■ The data
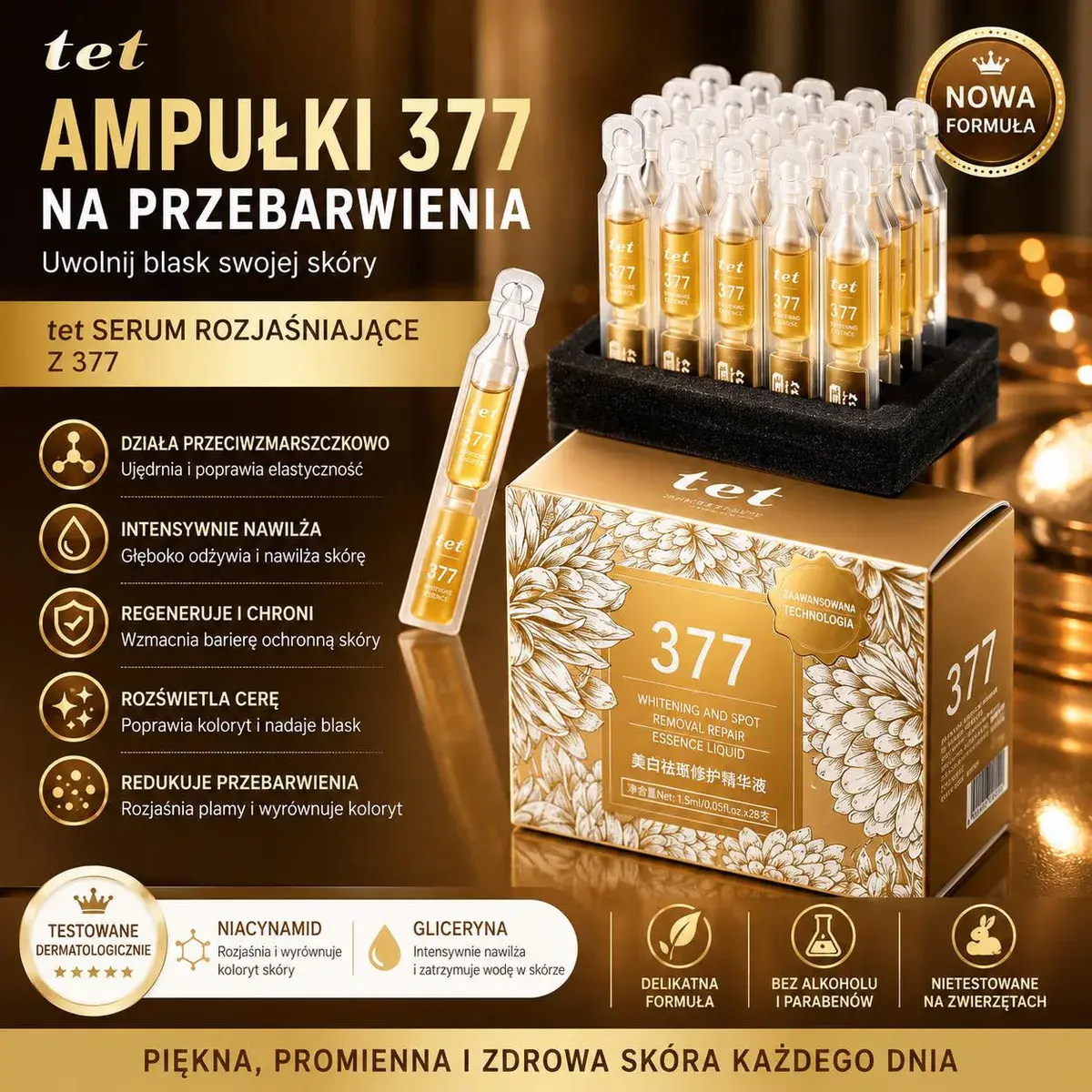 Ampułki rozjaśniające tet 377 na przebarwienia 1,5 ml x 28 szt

--

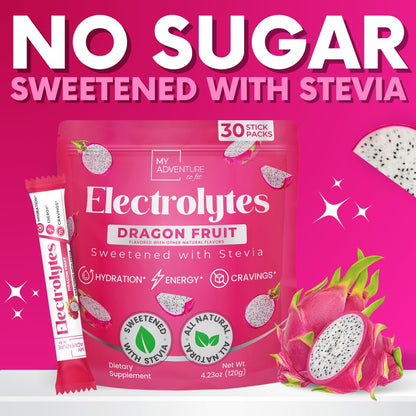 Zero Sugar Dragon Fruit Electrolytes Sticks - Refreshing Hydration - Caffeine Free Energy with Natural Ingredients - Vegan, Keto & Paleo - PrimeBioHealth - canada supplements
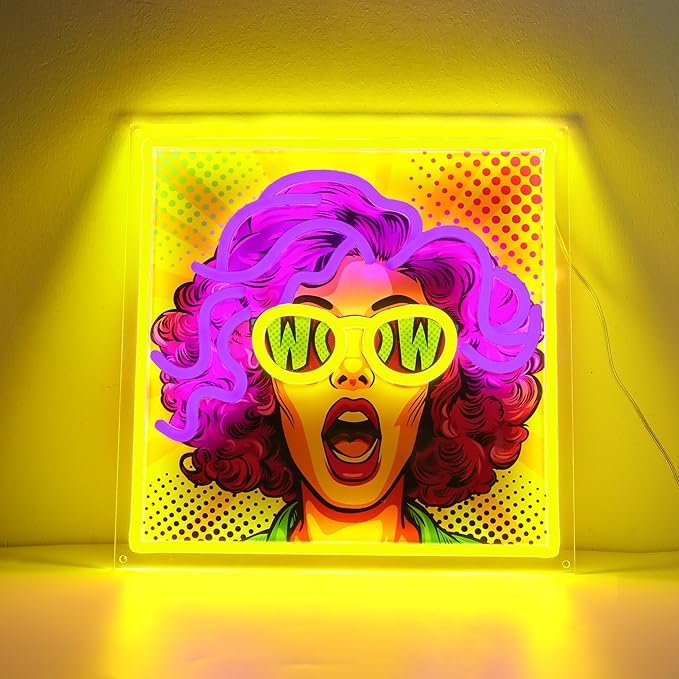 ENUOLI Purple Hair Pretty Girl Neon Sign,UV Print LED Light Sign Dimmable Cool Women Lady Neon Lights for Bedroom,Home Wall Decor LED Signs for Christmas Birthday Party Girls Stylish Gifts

■ Problem to work on
From the data above, return only the lines starting at the line that holds "Zero Sugar Dragon" and ending at the line that holds "ENUOLI Purple Hair", word for word and without pictures.

■ Response to the exercise
 Zero Sugar Dragon Fruit Electrolytes Sticks - Refreshing Hydration - Caffeine Free Energy with Natural Ingredients - Vegan, Keto & Paleo - PrimeBioHealth - canada supplements
 ENUOLI Purple Hair Pretty Girl Neon Sign,UV Print LED Light Sign Dimmable Cool Women Lady Neon Lights for Bedroom,Home Wall Decor LED Signs for Christmas Birthday Party Girls Stylish Gifts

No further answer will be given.